Recensione – Love Ghost – “Anarchy and Ashes”

Con “Anarchy and Ashes” i Love Ghost consolidano la propria identità sonora in un EP breve ma denso che funziona come manifesto di intenti oltre che semplice raccolta di brani. Prodotto da Tim Skold (già legato a Marilyn Manson), il lavoro si muove tra hard rock, industrial e suggestioni goth con una sicurezza che segna un evidente passo avanti rispetto alle uscite precedenti.

“Vengeance” è probabilmente il pezzo più immediato: un inno hard rock costruito su riff massicci e cori da stadio, inno pensato per la dimensione live. L’energia è contagiosa e la struttura quasi rituale. L’“Ave Ultio” dimostra quanto la band sappia dialogare con il pubblico, trasformando il brano in un’esperienza collettiva più che in un semplice ascolto.

La sorpresa arriva con “Rock Me Amadeus”, reinterpretazione del classico di Falco. Qui i Love Ghost abbandonano ogni intento nostalgico per immergere il pezzo in un’estetica industrial cupa, che richiama atmosfere alla Rammstein. Il risultato è una cover coraggiosa che conserva l’anima pop dell’originale ma la trasfigura in qualcosa di più oscuro e contemporaneo.

“Revolution Evolution” rappresenta il cuore tematico dell’EP: rabbia, desiderio di cambiamento e rifiuto di un sistema percepito come corrotto. Le sonorità elettroniche graffianti si intrecciano con chitarre aggressive, creando un muro sonoro compatto che amplifica il messaggio. È il brano che meglio sintetizza la vocazione a tratti “politica” e generazionale della band, senza rinunciare a una forte accessibilità.
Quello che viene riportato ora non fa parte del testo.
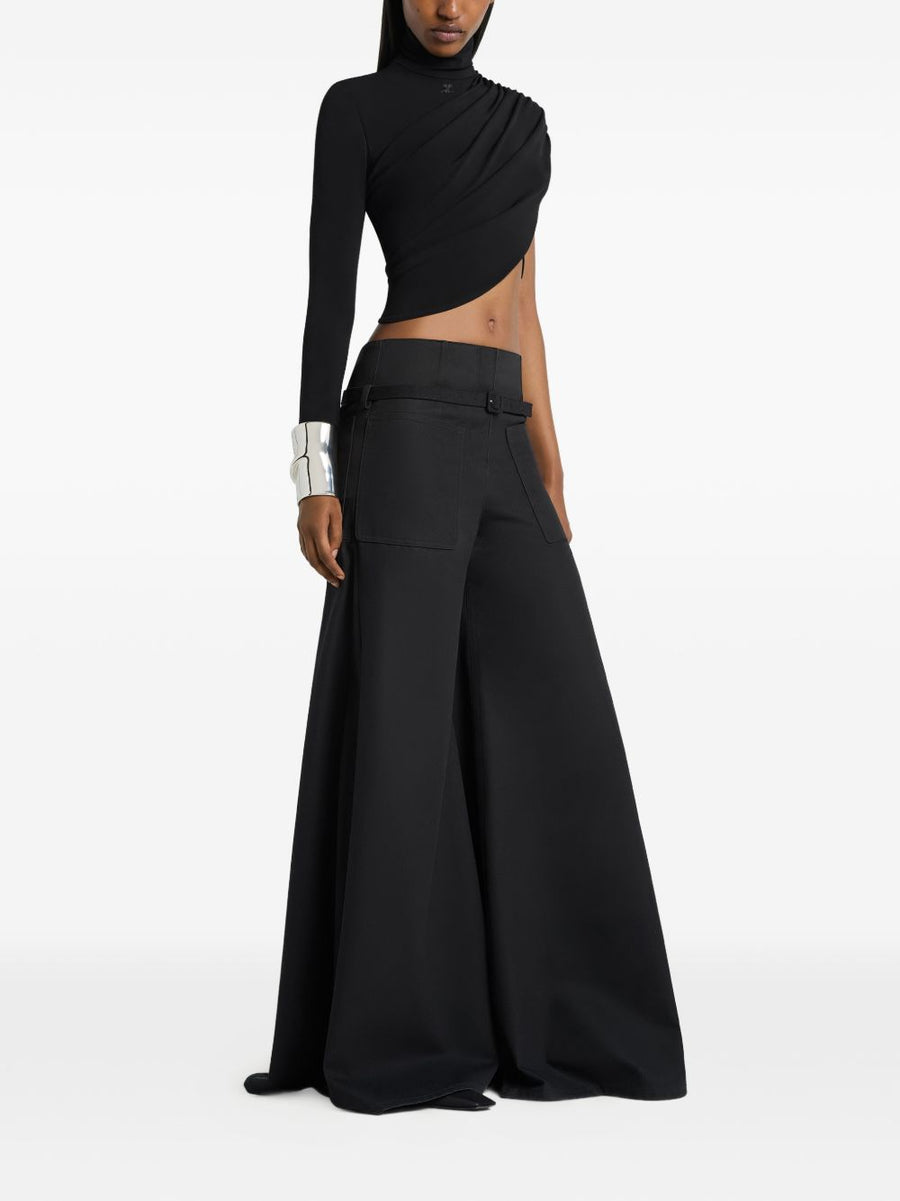Courreges Cotton Trousers For Women Belted Waist Wide Leg Silhouette Day To Night Versatile Luxury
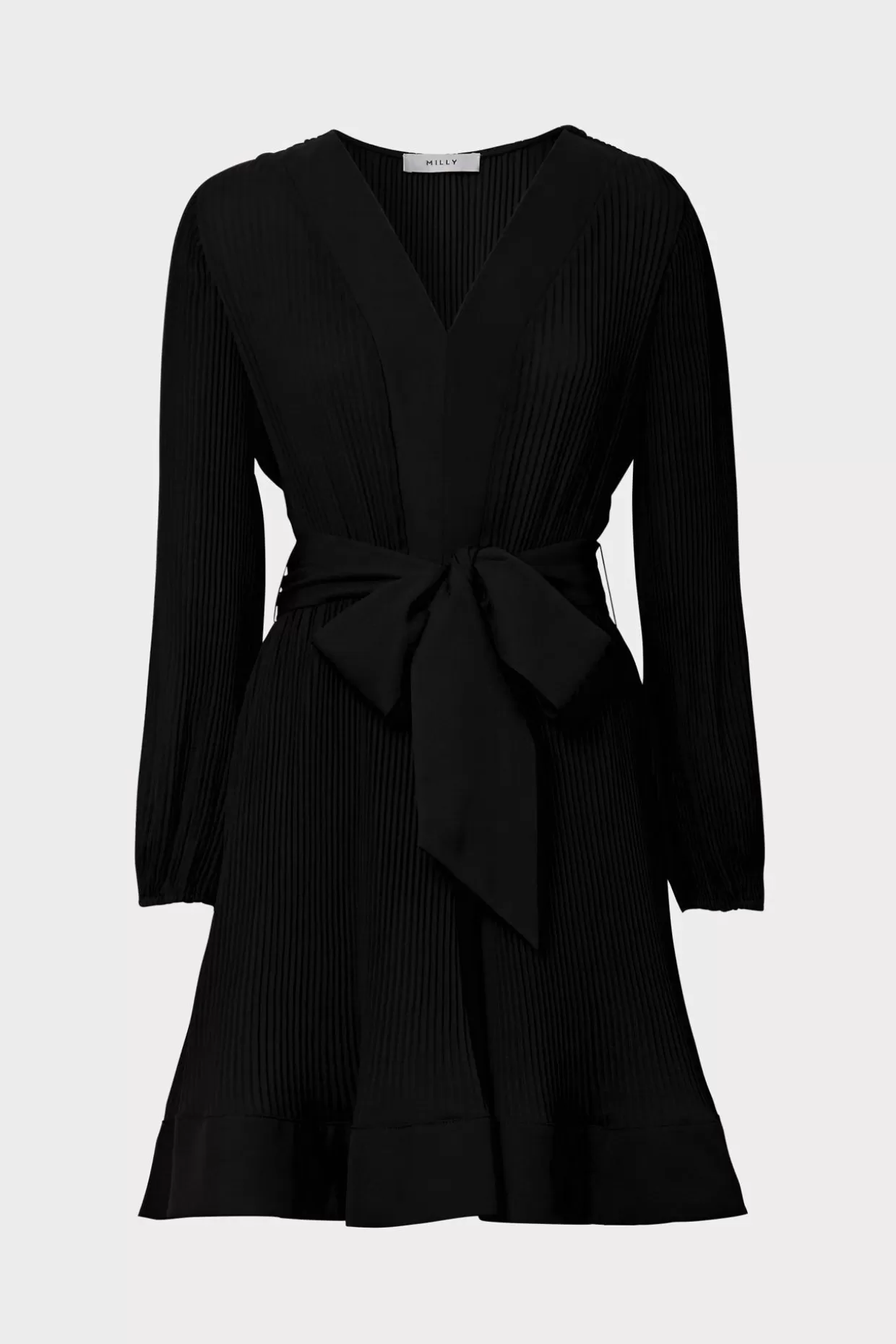 Little Black Dresses-MILLY Liv Pleated Dress Black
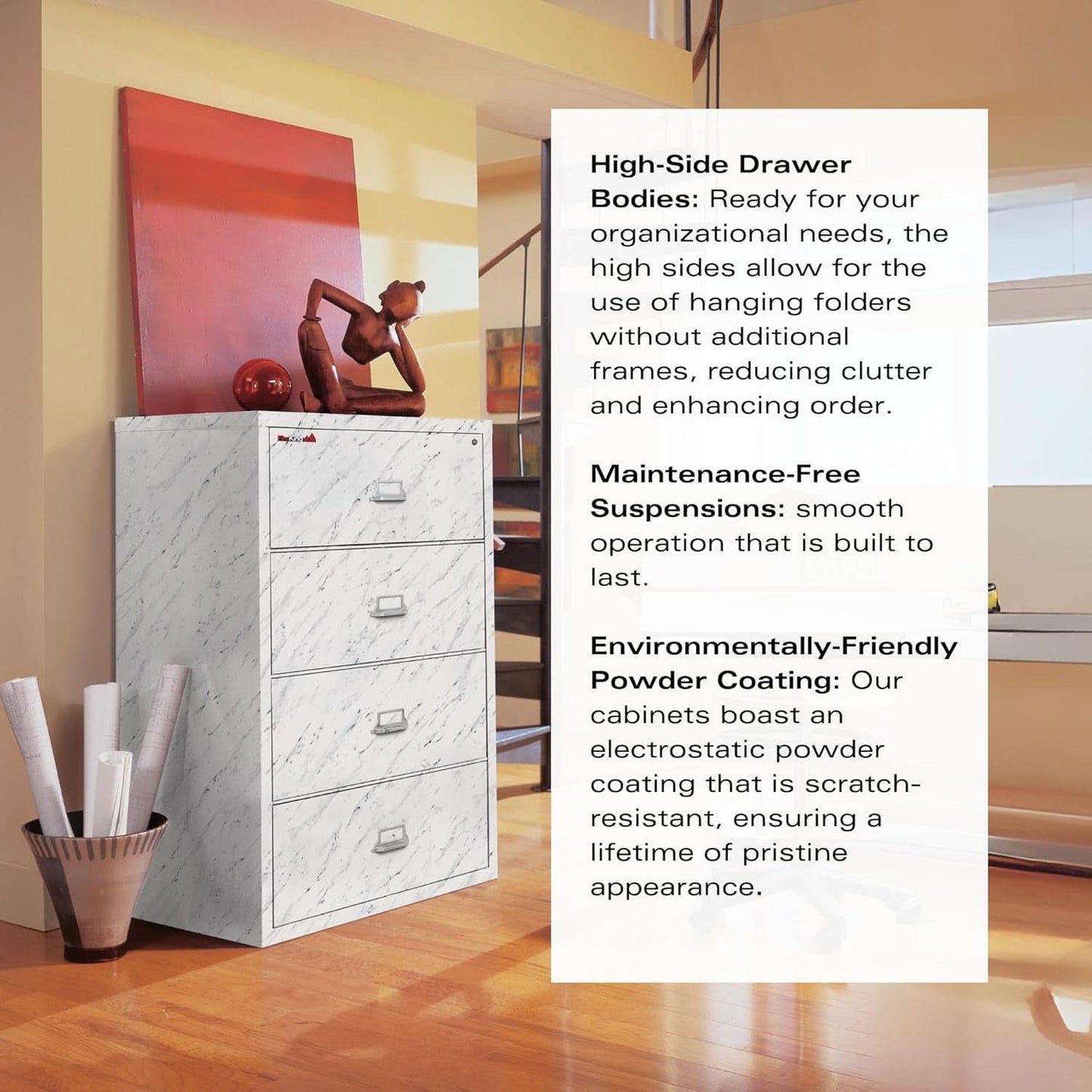 Lateral 4 Drawer Fire Safe File Cabinet With Key Lock 1 Hour Fire Rated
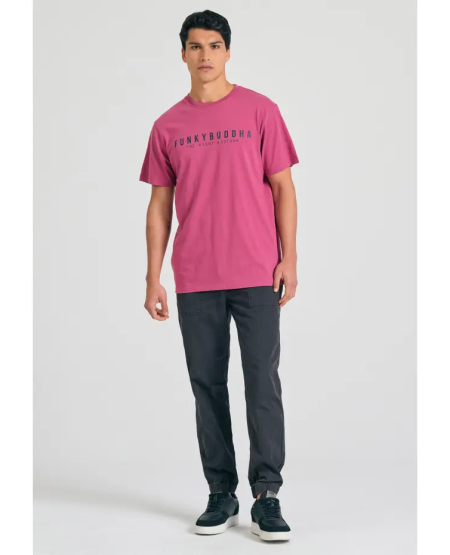 FUNKY BUDDHA T-shirt με Funky Buddha τύπωμα - The essentials FBM011-011-04 DRY ROSE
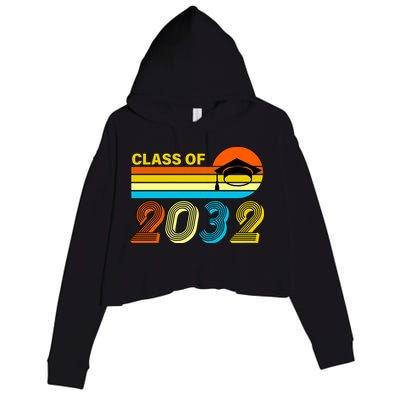 Retro Class of 2032 Future Graduate Crop Fleece Hoodie
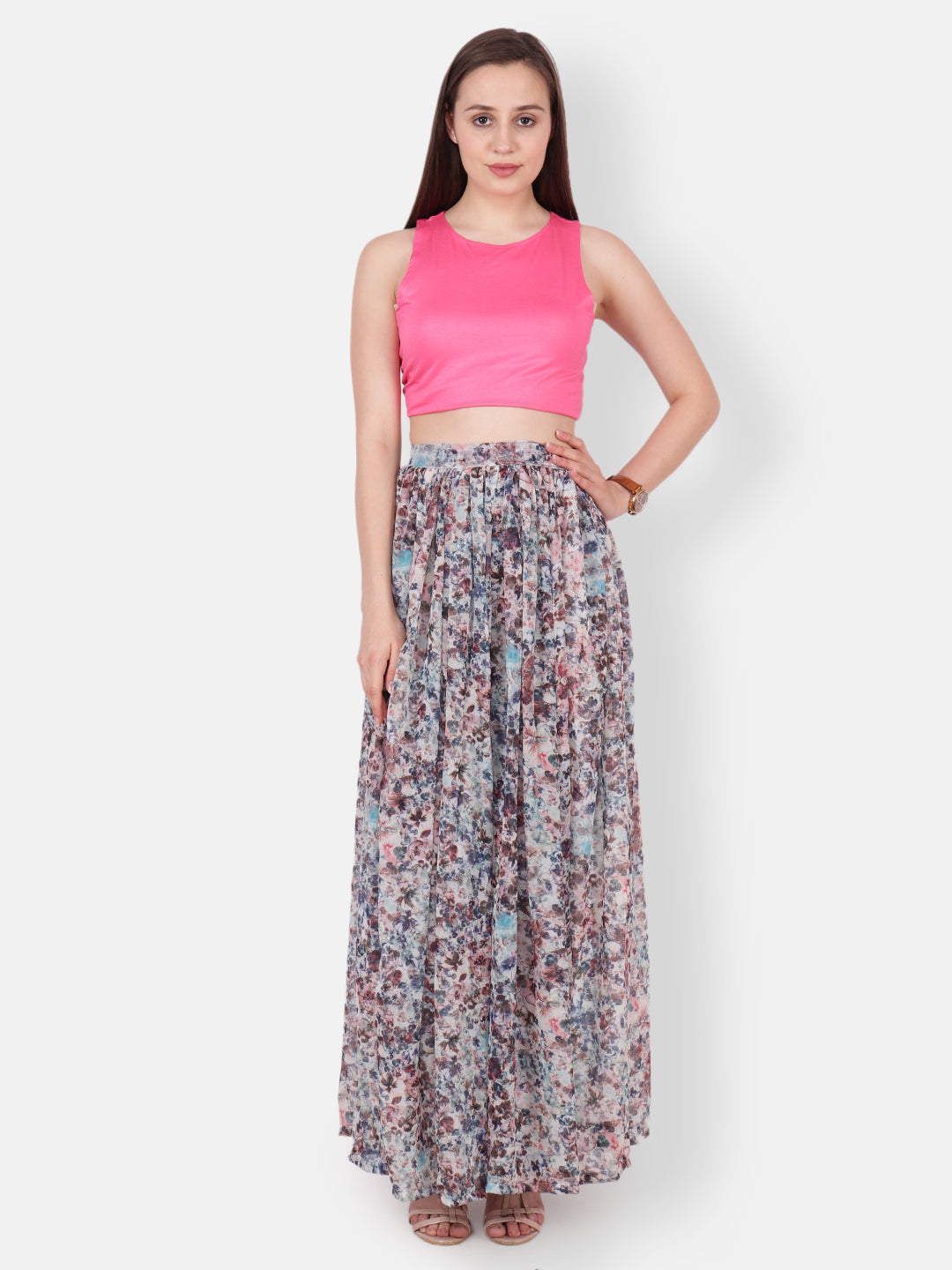Scorpius Women Off-White & Blue Floral Printed Flared Maxi Skirt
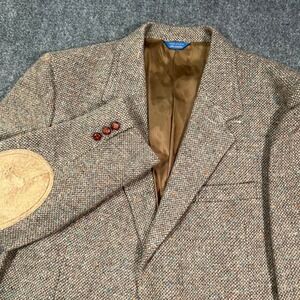 VTG Pendleton Blazer Mens 48 Long Virgin Wool Elbow Patches Brown Made in USA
“Silk Noose” è l’episodio più inatteso: un pezzo “goth da discoteca” che esplora territori più danzerecci senza perdere l’attitudine dark. Il tema del rifiuto del materialismo si traduce in un sound ipnotico e stratificato che amplia ulteriormente lo spettro stilistico del gruppo.

Nel complesso, “Anarchy and Ashes” è un lavoro compatto ma ambizioso, un lavoro che punta sia sull’impatto che sulla complessità. I Love Ghost riescono a fondere generi diversi, dall’alternative al metal, passando per elettronica e pop, mantenendo una coerenza sorprendente. L’urgenza espressiva e lo spirito ribelle trovano riscontro reale nella musica, evitando di restare semplici slogan.

Non tutto è perfettamente rifinito e a tratti si percepisce una certa tendenza all’eccesso (soprattutto nella produzione), ma è proprio questa intensità a rendere l’EP vivo e autentico. Più che un punto di arrivo “Anarchy and Ashes” suona come una “dichiarazione di guerra artistica”: diretta, rumorosa e impossibile da ignorare.